On Sunday, likewise, when it was being globally reported that Israeli forces had opened fire on unarmed protesters at the Syrian border, killing four, no 10, no 13, no 20, no 24, the IDF issued a series of Tweets that described warning messages sent to the border rioters, spoke of attempts to breach the fence and denied claims that Israel had fired tank shells at the would-be infiltrators, but offered no specifics on casualty figures. Its spokespeople told reporters that it could not provide exact fatality figures because it had no access to the reported fatalities. It did initially release some numbers on demonstrators who had been shot, but gradually stopped doing even this as the day wore on.

Obviously, the IDF’s access to information about enemy casualties is always going to be less than perfect, but the more details the IDF provides, the easier it is for fair-minded reporters to assess which side is telling the truth. And the IDF is not going to be able to provide maximal details until or unless it appoints officers and staff to seek out that information in real time.

During Operation Cast Lead, a single officer, located in offices at the Erez checkpoint, was appointed to look at open Internet sources, including Hamas’s own websites, to try to discern who among the fatalities was involved with Hamas and who was truly a non-combatant. This single officer’s straightforward research was central to subsequent official Israeli claims that Hamas had inflated the non-combatant casualty figures, but his information was released only after the fighting was over. What was needed was not one officer but a team, working not solely with a view to compiling information for later use, but charged with finding out as much as possible as quickly as possible for immediate dissemination.

In this aspect of conflict, silence is anything but golden. The security forces may perform as effectively as they did on Sunday in grappling with bitter protests on every border and at every flashpoint in the coming weeks and months. It is to be hoped, indeed, that they perform still more effectively, obviating the need for any resort to live fire even if the crowds are larger and angrier. But if the IDF insists on failing to document its activities, quickly and credibly – if it chooses not to invest resources, specifically, on keeping track of enemy casualties as well as its own – it can be certain that the images of confrontation will be manipulated, and the nature of confrontation skewed to Israel’s immediate and profound detriment.

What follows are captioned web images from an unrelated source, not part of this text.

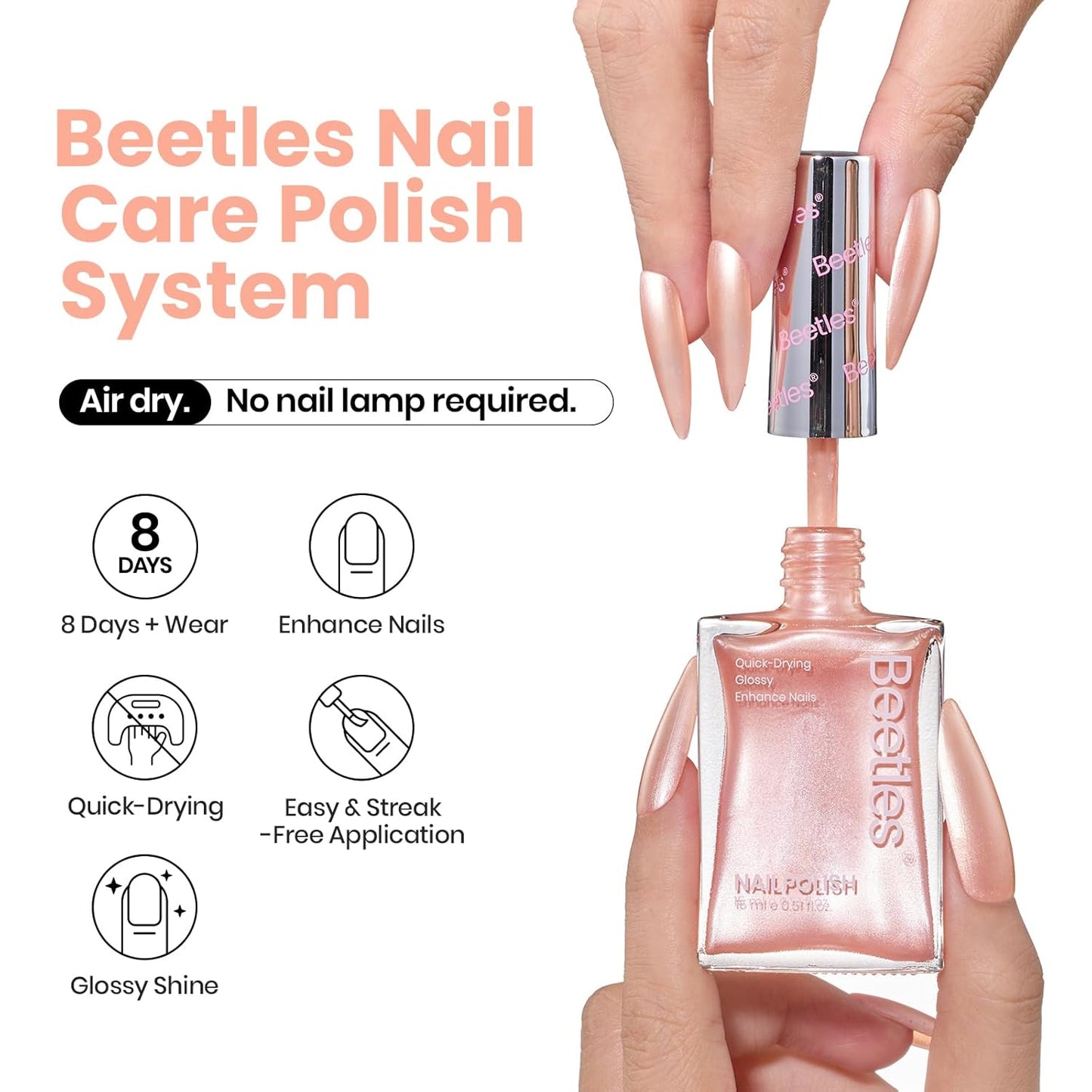 Beetles Pearly Pink Nail Polish,Fast Air Dry, No UV Needed –Perfect for Party, Long-Lasting Neutral Color for DIY At-Home or Salon Use, 15ml/0.51oz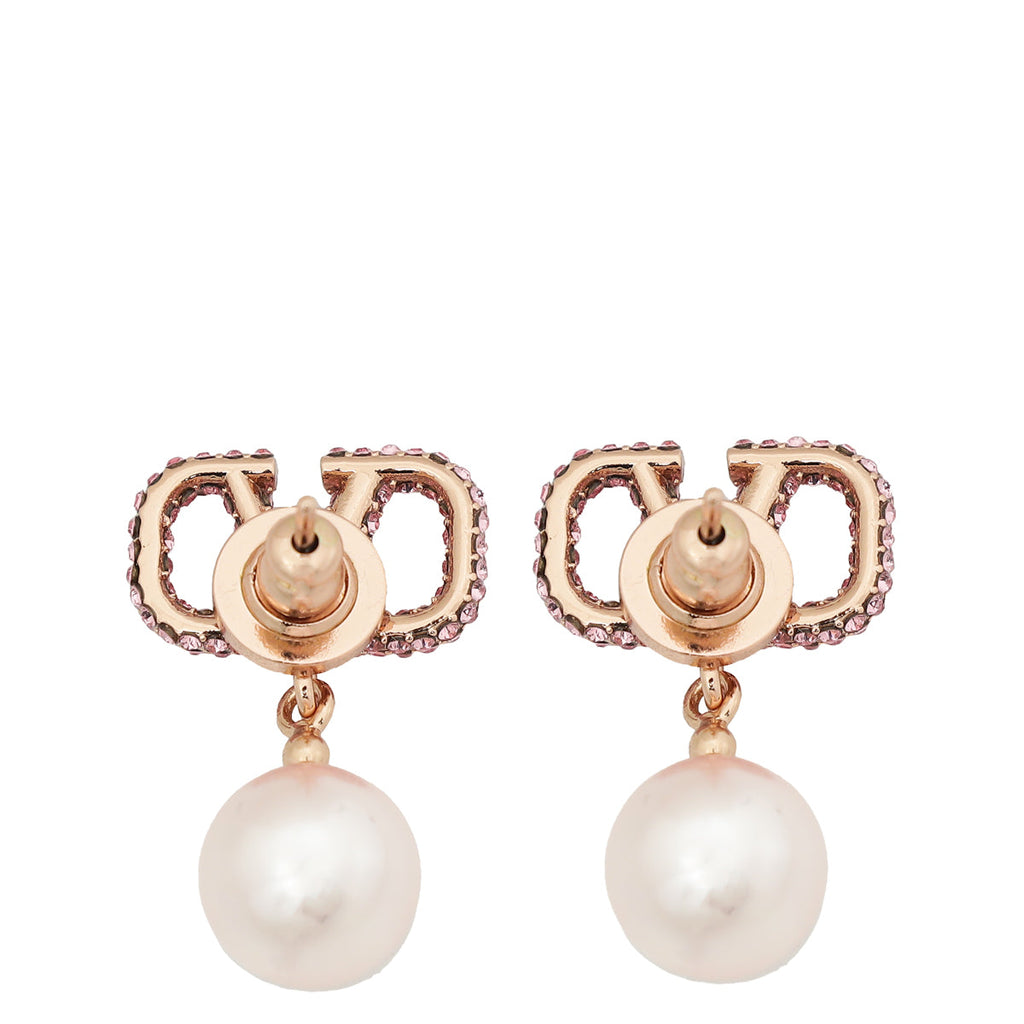 Valentino Rose Gold VLogo Signature Earrings W/ Pearl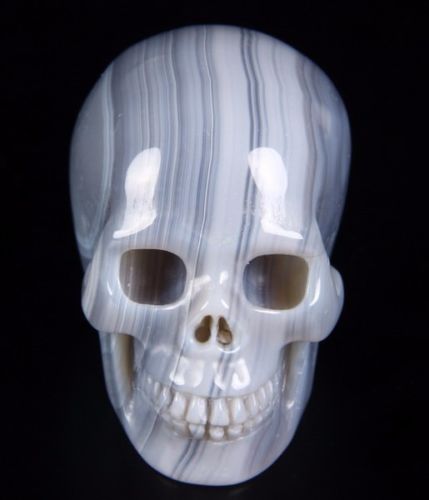 Gray Banded Agate Skull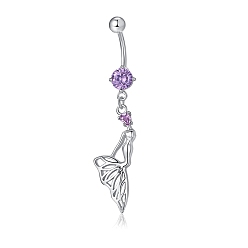 Фиолетовый Пирсинг украшения, кольцо для пупка из экологически чистой латуни с фианитом, кольца живота, с 304 стержнем из нержавеющей стали, форма русалки, фиолетовые, 57.5 мм, Кулон : 35.5x12 мм, бар: 15 калибр (1.5 мм), длина стержня: 3/8"(10мм)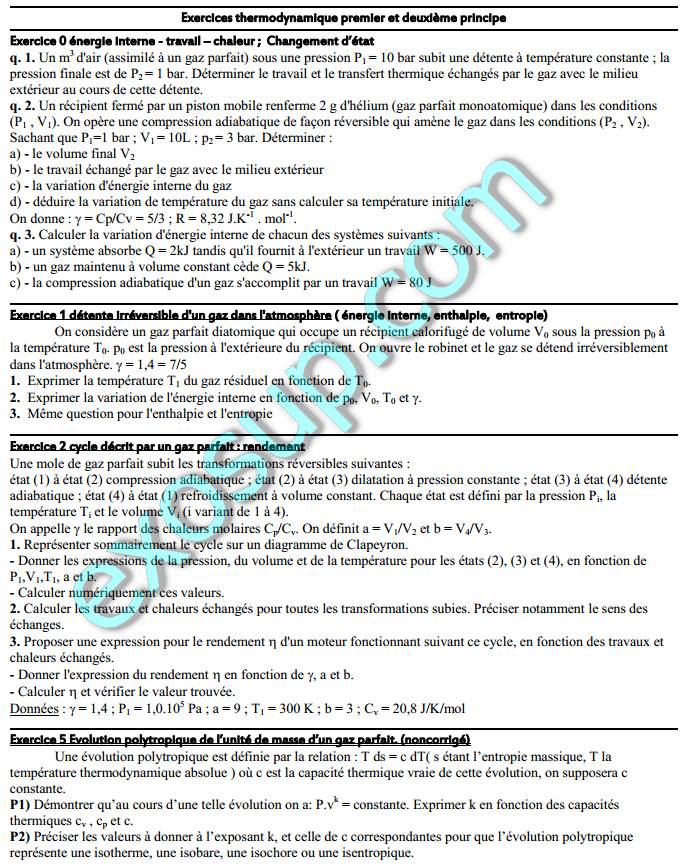 série des exercices 1er et 2eme principe de la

EXPERIENCE SHOULD have long since shown that even relatively banal incidents can be misrepresented as being dramatic, that even low casualty figures can and will be falsely inflated, and that, if all else fails, “confrontations” can be faked – stage-managed from start to finish.

In short, guess what: Our enemies lie.

Mass protests could come to constitute the latest strategy being widely employed against Israel, the new supplement to conventional warfare, terrorism, missile attacks and the development of non-conventional weaponry. And central to mass protests is not physically defeating Israel but hurting its legitimacy – symbolically breaching its borders and persuading a watching world of its ostensible bloodlust.

What is seen to be happening on the Syrian border, or at the Kalandiya crossing point for that matter, is as important as what is actually happening. Whether Israel really kills 20, 10 or no protesters is not the whole point; the goal of the protests is convincing the international community that the IDF has been killing again, generating new waves of protest and escalating condemnation.

So in addition to grappling with what is unfolding on the ground, the IDF needs to take the lead in telling the world about it – in detail, in real time. If it continues to leave the field clear for its enemies to lie to the world about what is unfolding, this “Arab spring” is going to turn into a long, hot summer.